Posted Feb 20, 2024 14:48 UTC (Tue) by farnz (subscriber, #17727) [Link] (1 responses)

Your anecdote links to a known change we're seeing in the software world: failure is less and less of an option over time. Back In The Day™ (for various values of back in the day), it was fine to depend on user complaints to tell you if a service was running or not. It was fine for anyone who could telnet to a host to be able to log in as root with just a plaintext password to authenticate them. It was fine for a system to have a few days downtime while broken hardware got replaced. It was fine for sysadmins to go digging in people's files just to see if there was something interesting in there.

None of this is OK any more; arguably, much of it was never OK, it was just accepted because doing better cost more than people were willing to pay. But time has moved on, and we expect more for less money, and to some extent, we get it - I can pay someone like Fastmail for better e-mail service than I used to be able to get from an in-house server, backed up by improvements to connectivity (where my LAN might have shared a single dial-up link 30 years ago, I've now got high speed Internet that's faster than the LAN speeds I got 30 years ago, and mail protocols designed to cope with the latency added by going to an outside datacentre instead of to a machine on the 10BASE2 network).
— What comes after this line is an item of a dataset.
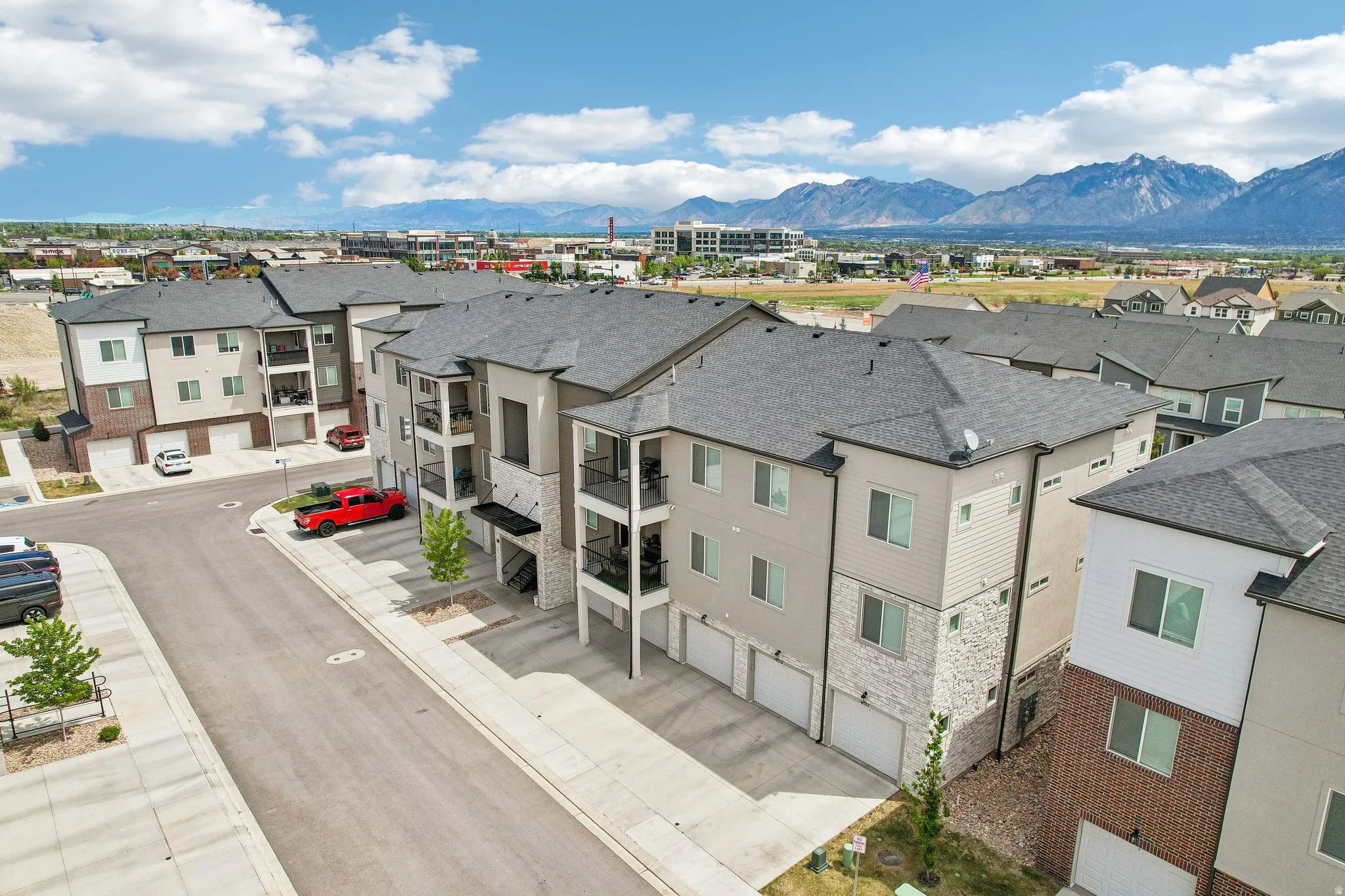 Contemporary multi-story apartment building with a mountain backdrop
A turning point for CVE numbers

Posted Feb 20, 2024 15:34 UTC (Tue) by pizza (subscriber, #46) [Link]

> But time has moved on, and we expect more for less money, and to some extent, we get it

Note that "for less money" in practice, means an increasing unwillingness to pay _anything at all_, because "something else is paying/subsidizing the cost of service"

(And one of those "something elses" is our service provider snooping on everything we do, including our at-rest data, finding "interesting" things to monetize. But hey, it's not "money", so that's fine!)